For the picking up/refusing to move, she's already learned that growling works because you have already backed off. If she's growling in specific places (on the couch, on the bed, etc.), don't allow her to go to those places. Get a dog bed and make this into the only place she is allowed to lie. If she digs her heels in when walking, you need to be very upbeat, change direction, be energetic, walk faster, make walking into a game, etc., and reward her (with a treat from your pocket) when she comes to you. Don't use the treats as lures - they are rewards only.

For the growling when you lie down next to her: I would stop doing this for the time being, since you know it "sets her off". You need to get the behaviour under control first.
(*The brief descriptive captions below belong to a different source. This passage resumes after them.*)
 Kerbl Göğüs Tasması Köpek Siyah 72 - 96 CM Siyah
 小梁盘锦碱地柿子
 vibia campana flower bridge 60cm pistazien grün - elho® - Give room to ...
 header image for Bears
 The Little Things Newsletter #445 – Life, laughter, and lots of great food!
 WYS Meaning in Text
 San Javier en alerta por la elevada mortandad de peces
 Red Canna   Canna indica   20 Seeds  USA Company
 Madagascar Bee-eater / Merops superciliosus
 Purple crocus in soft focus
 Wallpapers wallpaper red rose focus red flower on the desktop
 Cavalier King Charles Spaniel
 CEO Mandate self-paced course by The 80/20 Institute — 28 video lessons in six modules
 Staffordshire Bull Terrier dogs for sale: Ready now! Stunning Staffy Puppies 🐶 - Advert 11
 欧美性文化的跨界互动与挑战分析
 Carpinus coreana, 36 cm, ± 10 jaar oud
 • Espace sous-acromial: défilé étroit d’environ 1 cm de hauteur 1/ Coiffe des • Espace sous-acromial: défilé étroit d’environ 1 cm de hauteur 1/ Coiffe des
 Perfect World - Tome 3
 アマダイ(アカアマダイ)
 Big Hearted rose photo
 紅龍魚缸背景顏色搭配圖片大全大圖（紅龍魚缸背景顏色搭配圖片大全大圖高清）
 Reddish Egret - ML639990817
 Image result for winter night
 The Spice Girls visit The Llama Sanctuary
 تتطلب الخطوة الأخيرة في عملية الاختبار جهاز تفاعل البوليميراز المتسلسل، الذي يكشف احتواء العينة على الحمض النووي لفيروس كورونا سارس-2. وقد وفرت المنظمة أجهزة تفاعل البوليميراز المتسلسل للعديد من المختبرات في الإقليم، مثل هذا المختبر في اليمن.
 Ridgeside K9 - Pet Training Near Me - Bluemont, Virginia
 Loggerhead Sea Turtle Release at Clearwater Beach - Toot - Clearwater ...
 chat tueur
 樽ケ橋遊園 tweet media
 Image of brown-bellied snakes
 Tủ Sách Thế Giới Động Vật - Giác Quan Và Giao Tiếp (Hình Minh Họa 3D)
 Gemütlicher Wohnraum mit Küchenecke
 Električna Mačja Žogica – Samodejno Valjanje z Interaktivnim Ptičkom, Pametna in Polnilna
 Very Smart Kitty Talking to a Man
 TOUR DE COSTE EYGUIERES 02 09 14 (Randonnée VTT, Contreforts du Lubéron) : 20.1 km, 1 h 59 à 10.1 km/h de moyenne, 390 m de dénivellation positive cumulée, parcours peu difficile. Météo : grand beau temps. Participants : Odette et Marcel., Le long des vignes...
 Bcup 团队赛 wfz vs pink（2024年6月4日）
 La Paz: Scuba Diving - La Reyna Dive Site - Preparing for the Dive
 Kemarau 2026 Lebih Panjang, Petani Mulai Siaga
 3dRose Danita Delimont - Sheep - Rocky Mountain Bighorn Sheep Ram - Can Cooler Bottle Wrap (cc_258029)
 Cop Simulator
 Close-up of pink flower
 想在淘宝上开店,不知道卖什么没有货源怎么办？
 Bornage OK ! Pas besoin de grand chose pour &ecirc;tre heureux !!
It's important to understand why she's doing this. She's doing it because she thinks she calls the shots. This is a training and management failure. She needs to understand that you're in charge, not her, and you will achieve this through training. It sounds as if she has a more assertive personality: this may be what you wanted (if you asked the breeder for an assertive pup), or you may inadvertently have chosen it (if you were allowed to choose your own pup from the litter). In any case, it is what you have. I'd recommend a "nothing in life is free" system, where she gets nothing at all - no petting, no treats, no meal, no access to the couch, the bed or your lap, no toys, etc. - without earning it. Make her sit or lie down first. Have her do a short series of commands (sit-down-sit, or sit-stand-down, etc.) before her meals, and if she comes to you for affection. What you need to do is to change the nature of your relationship with her, so that you are calling the shots and not her.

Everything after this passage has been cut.